Had the Argentines built an airstrip at Port stanley (capable of handling jet fighters) the British would have failed. The Argentines thought the British would not fight-big mistake.
There was an airstrip at Port Stanley. It was blown up by RAF Vulcans in the first days of the war, forcing the Argentine fighters to mostly operate from their own territory. It was promptly repaired and some transports and ground attack aircraft were launched from it. Nobody - including most of the RAF - thought it was possible for a heavy bomber strike to reach the Falklands, and it very nearly didn’t due to weather conditions that made in-flight refueling problematic.
Every modern navy operates anti-ship missiles. And Exocets were useful for attacking all sorts of ships, not just big ones (though I’ll note that Brazil was operating an ex-Royal Navy aircraft carrier well before the Falklands conflict).
I’d second all this, particularly that 1) Argentina isn’t and wasn’t then a ‘third world’ country (except in the technical sense of not being formally allied with the U.S. or the USSR), and 2) despite seeing the western bloc as a Cold War ally, the Argentine government was a hardcore ultra-right wing ideological regime, to a degree it’s difficult to grasp, and they saw liberal democracies as decadent and weak.

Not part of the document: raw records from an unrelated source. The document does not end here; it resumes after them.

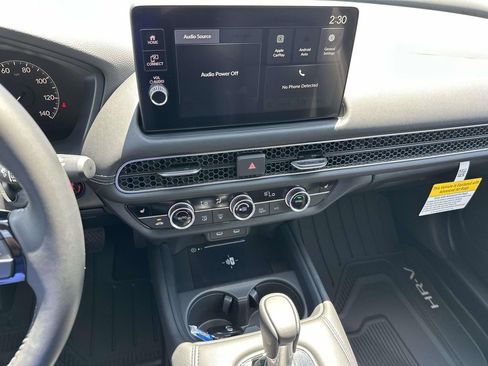 New 2026 Honda HR-V EX-L image 16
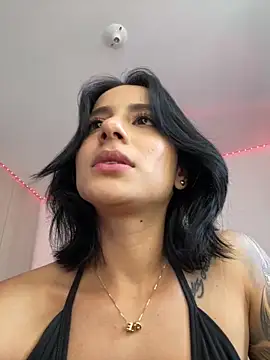 Snapshot of Ale_Lewis chatting on 02/19/25, 09:25 Ale Lewis online show from 02/19/25, 09:25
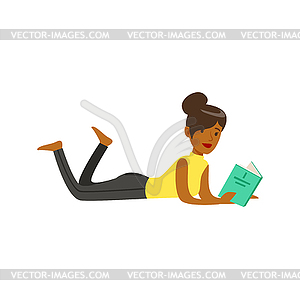 Красивая молодая черная женщина, лежа на полу и - векторный клипарт EPS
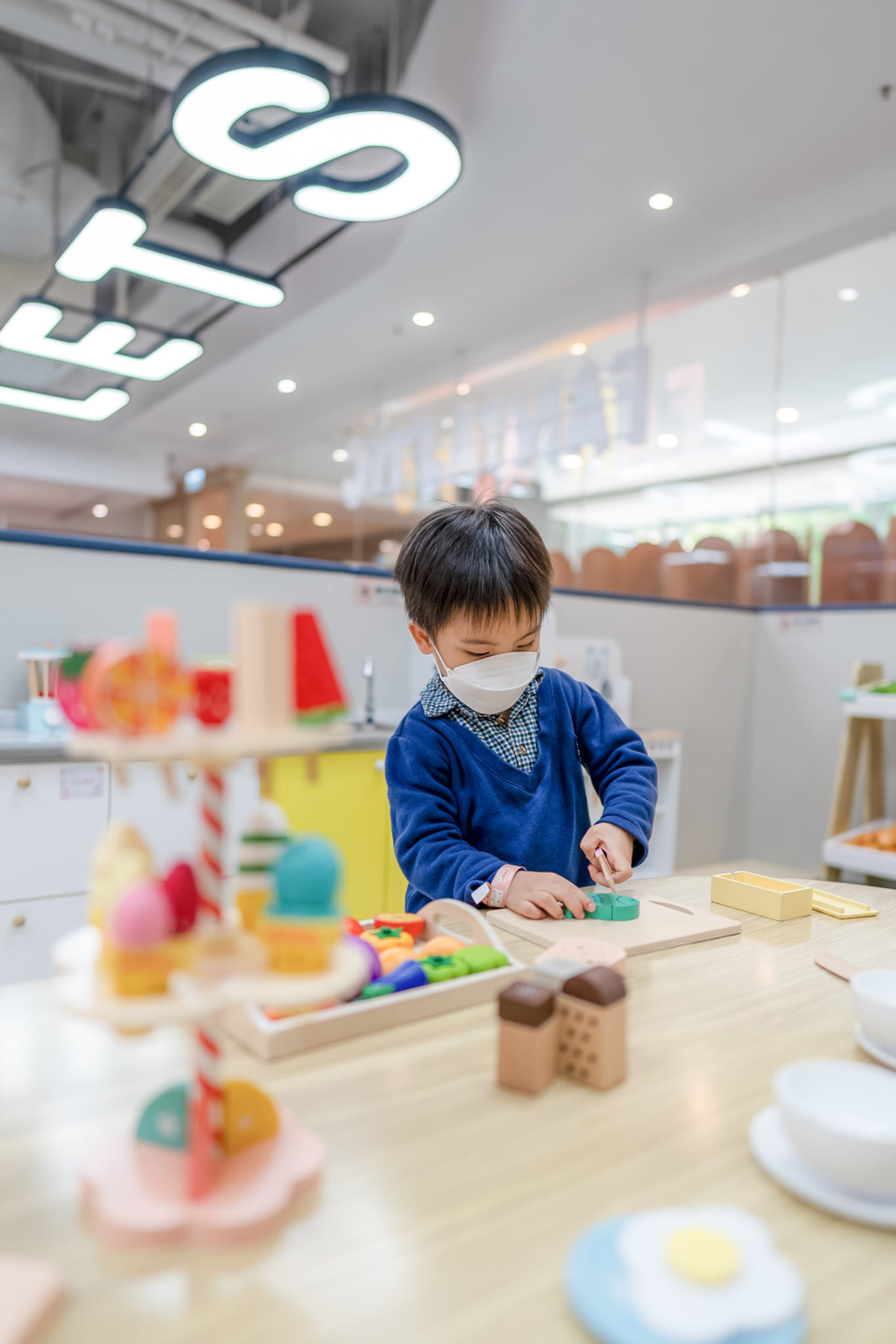 型男「煮飯仔」,邊個要食?!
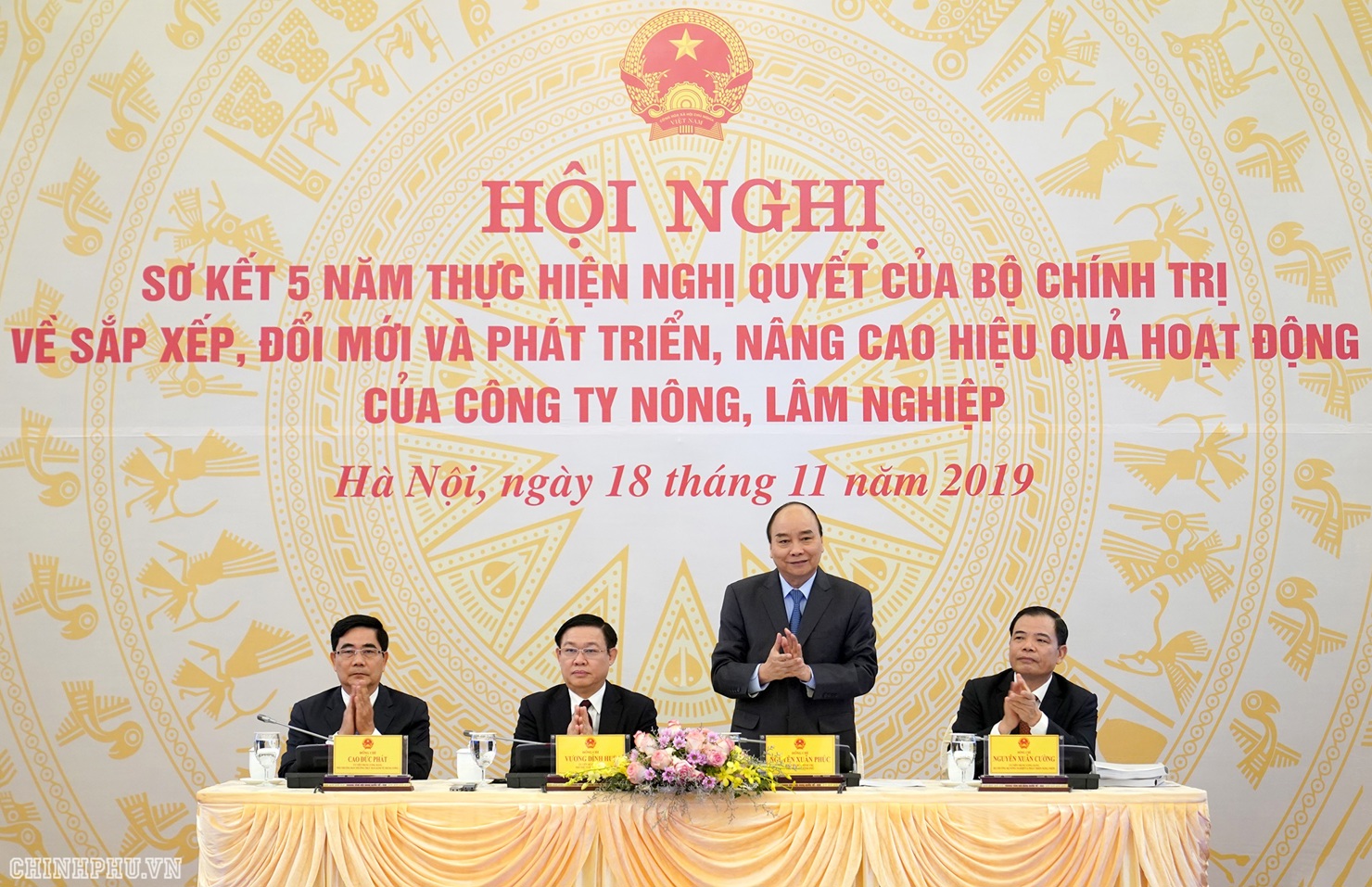 Thủ tướng Nguyễn Xuân Phúc, Phó Thủ tướng Vương Đình Huệ - Trưởng Ban chỉ đạo Đổi mới và Phát triển doanh nghiệp, Phó Trưởng Ban kinh tế Trung ương Cao Đức Phát và Bộ trưởng Bộ NN&PTNT Nguyễn Xuân Cường chủ trì hội nghị.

That certainly wouldn’t prevent the US from re-asserting the Monroe Doctrine if it were politically expedient.
You may continue to believe that if you wish.

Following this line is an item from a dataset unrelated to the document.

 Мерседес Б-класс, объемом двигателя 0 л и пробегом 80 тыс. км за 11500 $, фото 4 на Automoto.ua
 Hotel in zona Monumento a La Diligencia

Reality is, we lost fewer ships than we expected.
Once the Belgrano was sunk, that was the end of Argentine navy involvement, without seaborne support they could never have flown enough material and supplies to keep their land based forces going. As it was their air force was not capable of breaking the blockade either.
We could even have lost the land battle, the war was already lost.
As for the political aspect in the UK, we’ve done this to death a number of times, and you can search for my previous posts on this subject.
The reality is that we had sent deterrent forces down to the Falklands on three previous occasion - I served on Operation Journeyman which was the last of them.
Given that our intelligence had provided adequate warning and prevented war on all those occasions, you have to wonder why those warnings, which were certainly received, were not heeded by an extremely unpopular government that was going to be wiped off the electoral map.
Maybe it turned out for the better, maybe not, but it did topple a murderous Junta - responsible for the deaths of maybe 30,000 and although not to my political persuasion,it enabled Thatcher to be re-elected.
Idealistically I despise Thatcher - the region where I live has been industrially devastated and will not recover for many generations however history is history.
We live with the results and others have different views - they tend not to live in the North of England, Scotland or Wales
Thatcher is the most divisive figure in British history and her legacy is increasingly likely to lead to the break up of the UK.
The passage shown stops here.